[ASSIGNMENT]: Produce exactly the lines starting at the one containing "SB Hammered Circle" and ending at the last line of the material, with nothing added.

_ _ _ _ _ _ _

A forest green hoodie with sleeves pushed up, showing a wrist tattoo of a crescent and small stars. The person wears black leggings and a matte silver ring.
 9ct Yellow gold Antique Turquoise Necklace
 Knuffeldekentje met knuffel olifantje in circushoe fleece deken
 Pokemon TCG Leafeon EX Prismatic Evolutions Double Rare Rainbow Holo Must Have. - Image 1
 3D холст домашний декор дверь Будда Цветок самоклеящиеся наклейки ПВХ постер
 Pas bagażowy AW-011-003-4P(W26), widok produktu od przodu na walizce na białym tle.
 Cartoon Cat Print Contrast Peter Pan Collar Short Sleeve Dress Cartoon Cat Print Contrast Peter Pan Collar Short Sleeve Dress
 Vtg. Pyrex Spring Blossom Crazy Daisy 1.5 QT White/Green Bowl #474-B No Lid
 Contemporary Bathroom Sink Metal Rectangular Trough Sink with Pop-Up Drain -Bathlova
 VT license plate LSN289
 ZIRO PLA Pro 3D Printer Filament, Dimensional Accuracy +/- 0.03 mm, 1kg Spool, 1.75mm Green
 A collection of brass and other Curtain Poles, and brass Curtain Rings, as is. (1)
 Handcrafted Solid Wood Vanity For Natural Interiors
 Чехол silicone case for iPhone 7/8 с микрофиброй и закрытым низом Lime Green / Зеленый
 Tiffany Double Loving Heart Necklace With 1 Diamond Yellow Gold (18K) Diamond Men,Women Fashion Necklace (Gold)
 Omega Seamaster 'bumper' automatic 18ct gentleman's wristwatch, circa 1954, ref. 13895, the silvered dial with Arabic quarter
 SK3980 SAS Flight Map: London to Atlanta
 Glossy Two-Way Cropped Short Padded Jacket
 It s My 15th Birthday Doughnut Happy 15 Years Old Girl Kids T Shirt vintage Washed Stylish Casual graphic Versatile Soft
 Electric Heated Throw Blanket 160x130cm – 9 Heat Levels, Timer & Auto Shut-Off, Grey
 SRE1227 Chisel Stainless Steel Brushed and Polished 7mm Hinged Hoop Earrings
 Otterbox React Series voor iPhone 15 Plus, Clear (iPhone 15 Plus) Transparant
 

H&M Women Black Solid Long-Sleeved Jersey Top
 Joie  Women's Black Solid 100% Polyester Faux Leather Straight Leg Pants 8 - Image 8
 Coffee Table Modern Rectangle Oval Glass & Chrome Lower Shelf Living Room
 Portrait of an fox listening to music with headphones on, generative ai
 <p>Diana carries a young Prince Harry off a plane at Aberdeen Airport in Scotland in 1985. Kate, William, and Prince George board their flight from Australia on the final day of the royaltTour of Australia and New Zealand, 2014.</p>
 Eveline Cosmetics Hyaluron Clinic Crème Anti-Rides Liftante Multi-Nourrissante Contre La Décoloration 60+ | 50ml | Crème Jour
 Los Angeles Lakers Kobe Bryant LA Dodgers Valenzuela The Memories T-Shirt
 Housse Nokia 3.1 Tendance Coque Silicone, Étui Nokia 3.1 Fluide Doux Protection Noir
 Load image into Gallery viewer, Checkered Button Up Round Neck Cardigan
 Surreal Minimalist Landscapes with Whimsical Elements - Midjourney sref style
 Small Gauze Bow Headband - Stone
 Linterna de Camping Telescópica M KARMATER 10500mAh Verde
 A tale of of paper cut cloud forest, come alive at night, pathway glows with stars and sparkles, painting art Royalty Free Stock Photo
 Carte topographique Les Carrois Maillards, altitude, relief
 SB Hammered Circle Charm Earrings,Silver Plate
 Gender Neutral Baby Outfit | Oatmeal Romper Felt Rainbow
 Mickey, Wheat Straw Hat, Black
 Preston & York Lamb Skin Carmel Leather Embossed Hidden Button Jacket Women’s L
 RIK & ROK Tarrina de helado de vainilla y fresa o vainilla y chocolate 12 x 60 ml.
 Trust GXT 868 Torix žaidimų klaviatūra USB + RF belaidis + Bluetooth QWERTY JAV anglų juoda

_ _ _ _ _ _ _

[TASK OUTPUT]:
 SB Hammered Circle Charm Earrings,Silver Plate
 Gender Neutral Baby Outfit | Oatmeal Romper Felt Rainbow
 Mickey, Wheat Straw Hat, Black
 Preston & York Lamb Skin Carmel Leather Embossed Hidden Button Jacket Women’s L
 RIK & ROK Tarrina de helado de vainilla y fresa o vainilla y chocolate 12 x 60 ml.
 Trust GXT 868 Torix žaidimų klaviatūra USB + RF belaidis + Bluetooth QWERTY JAV anglų juoda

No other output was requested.